Ça s'appelle "The Boat" et ça sort
chez Ocean Music, tout est donc normal. Le fait que les
prises live soient déjà anciennes leur donne
une fraîcheur indéniable. On reste néanmoins
surpris de les voir reparaître pour certaines plus
de dix ans après, avec ce qu'il faut d'étrangeté
et d'atemporalité pour les rendre nécessaires.
Sur ce qui est peut-être le meilleur titre, "The
Journey", la voix de Tamara et l'intensité de
son interprétation ("I hated love", entre
autres joyeusetés) rappellent pourtant quelque chose
des meilleures vocalistes de l'époque, quelque part
entre Beth Gibbons et PJ Harvey. Mystère que cette
chanteuse rare soit restée si confidentielle.
DL
TARA
KING TH. - A Sigh of Relief
(Ocean
Music / Socadisc)
[site]
- acheter
ce disque
C'est
probablement la pire des raisons qui m'a conduit à
m'intéresser (tardivement) à Tara King Th.
Il s'avère en effet que j'ai fait partie, il y a
quelques années de cela, d'un groupe étudiant
quasiment homonyme (le "Th." pour "Theory"

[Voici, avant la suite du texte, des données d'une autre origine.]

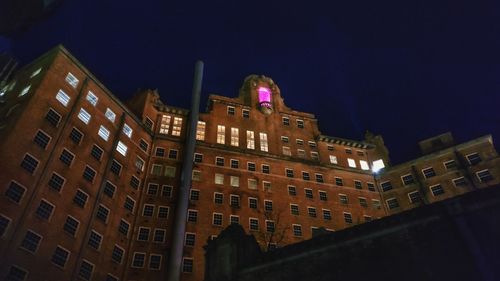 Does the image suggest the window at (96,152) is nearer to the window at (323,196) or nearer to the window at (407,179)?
the window at (323,196)

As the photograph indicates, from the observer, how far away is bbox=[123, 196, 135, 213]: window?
44.9m

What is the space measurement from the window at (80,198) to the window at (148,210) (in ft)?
25.6

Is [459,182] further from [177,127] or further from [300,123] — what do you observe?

en moins). Me voilà donc intrigué par le trio
et prêt à en découdre avec ces "usurpateurs"
(sic). Mais mes intentions belliqueuses n'ont pas résisté
longtemps devant la voix désarmante de Béatrice
Morel-Journel. L'electro-pop dépouillée de
cet album est en effet habitée avec grâce et
malice par une chanteuse dont le registre doit autant à
Nina Persson et Jennifer Charles qu'aux vocalises de Liz
Frazer. Et les chansons, volontairement réduites
à quelques claviers et à cette voix, frôlent
le sublime, évoquant parfois le "Londinium"
d'Archive ("There Are Still Things to Gaze at")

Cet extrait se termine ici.